Exercise goal
Among the entries that follow, the required portion opens with the line containing "6757 Ambercrest Drive, Arlington, TX 76002" and closes with the line containing "Menteri Koperasi Ferry". Give that portion again exactly, and nothing else.

Provided data
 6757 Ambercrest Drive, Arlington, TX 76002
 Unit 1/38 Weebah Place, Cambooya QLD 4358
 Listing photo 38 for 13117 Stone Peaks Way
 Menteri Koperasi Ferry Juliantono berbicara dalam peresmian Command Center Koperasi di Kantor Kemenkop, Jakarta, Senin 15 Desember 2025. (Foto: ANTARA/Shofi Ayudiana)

* * *

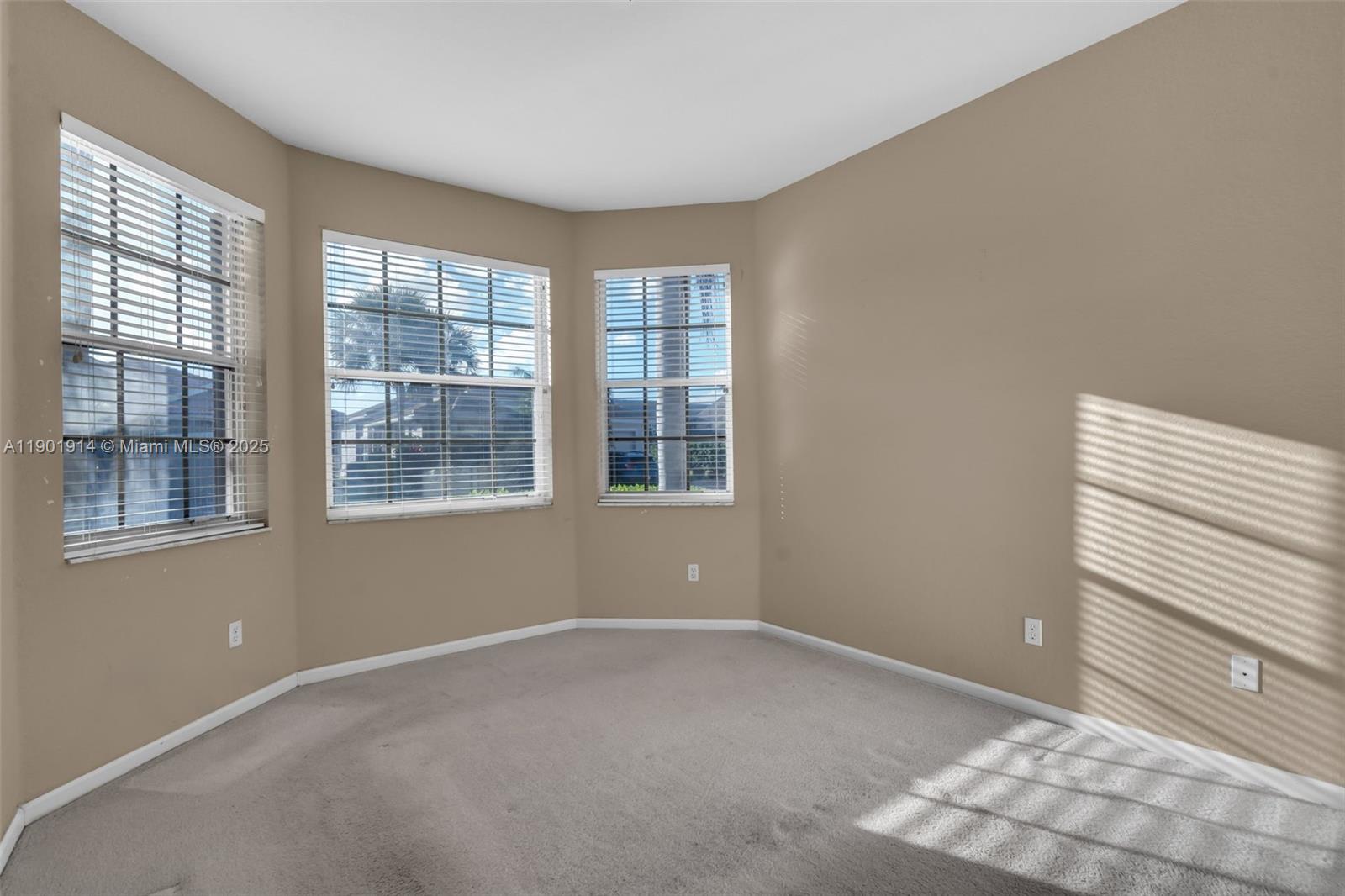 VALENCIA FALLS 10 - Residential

Answer to this task
 6757 Ambercrest Drive, Arlington, TX 76002
 Unit 1/38 Weebah Place, Cambooya QLD 4358
 Listing photo 38 for 13117 Stone Peaks Way
 Menteri Koperasi Ferry Juliantono berbicara dalam peresmian Command Center Koperasi di Kantor Kemenkop, Jakarta, Senin 15 Desember 2025. (Foto: ANTARA/Shofi Ayudiana)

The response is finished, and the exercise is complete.